Rightwing Film Geek

Sullivan on “thought police on gays”

Andrew Sullivan finally notes the increasing trend of gay activists trying to silence, prosecute or psychologically “re-educate” dissenters.

sullivan.jpgGood that he’s acknowledging this, I suppose. But even here he sneaks in his “our freedom is their freedom.” If I thought for one second that Sullivan’s proposed “liberal” tradeoff (also made explicitly in “Virtually Normal” — gay marriage and open military service in exchange for an end to hate crime laws, pressure on the Boy Scouts, the Church and other private institutions) would hold, it might be worth considering. But it wouldn’t hold. For one thing, Sullivan’s own life refutes it — he’s made the cause of advancing homosexuality within the Catholic Church practically his vocation, so the kulturkampf would continue in private institutions. Call me cynical, but I frankly doubt he would be less perturbed by and opposed to certain Church teachings if the state let him marry his boyfriend, but the Church didn’t.

“It’s also vital for people of good will to understand that civil rights for gay people in no way should affect the rights of others, especially in religious denominations of all kinds, to loathe, disdain, pity or malign homosexuality,” he says. The key word here is “should.” This is less than reassuring. I would be tempted to say that Sullivan simply doesn’t know what illiberal Jacobins fill up the gay activist movement. Except that he perfectly obviously does — and arguably no journalist/public intellectual has suffered worse public humiliation at their hands than Sullivan has.

I’m sure Sullivan says what he does sincerely and in good faith, but to put it bluntly, how many divisions does he have? Which attitude is more common among homosexuals — his or ones like this in which a high-status comfortable homosexual tells a mainstream gay group in the pages of the most serious gay journalistic outlet that “We as a group have become tolerant of intolerance. Whenever anyone justifies their bigotry with what I call DHRB (deeply held religious beliefs), we roll over as if that were the end of the discussion. We have confused respecting a person’s right to hold whatever religious beliefs they choose with respecting those beliefs. … Is no one willing to say forcefully that homophobic DHRB have no place or value in a civilized 21st century?” And Episcopal gay activists are already demanding in Sovietized terms for bishops to “make sure” that a dissenting priests get “appropriate pastoral, episcopal, and psychological care to help him understand” the “embarrassment to himself, his diocese, his superiors, his Church, his vows, and his Lord” that opposition to homosexuality is.
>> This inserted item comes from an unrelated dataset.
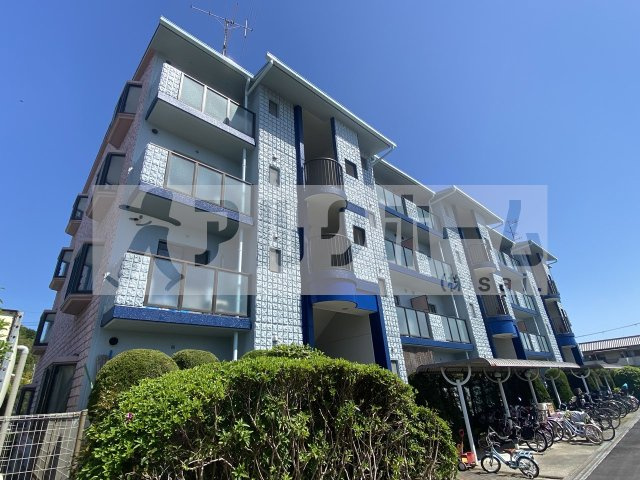 グレープコート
Andrei Sakharov didn’t hear it any better.

Thus, however hideous they strike Sullivan as being, we have decisions like the Colorado case Sullivan cites in which a judge forbids a Christian parent from indoctrinating a child with homophobia, including going to a church where they hand out “homophobic material.” They happen from the perfectly reasonable demand in shared custody cases that one parent not poison the child’s mind against the other. Add onto that (uncontroversial) premise merely the secular religious belief that homophobia is an irrational prejudice that has no public standing and deserves no public acknowledgement, like racism. That latter premise is quite widely held by our judicial masters, and endorsed by Sullivan and used by him as a weapon in the discussions over gay marriage and the like.

Sullivan himself once defended on “Crossfire” the use of books like “Heather Has Two Mommies” in public schools on the grounds that an increasing number of the kids in schools will have gay parents. And thus, he understands perfectly well that because some homosexuals want to redefine family for themselves, obligations and burdens are imposed on others that share the public sphere and must drink from the same cultural well, contrary to their religion.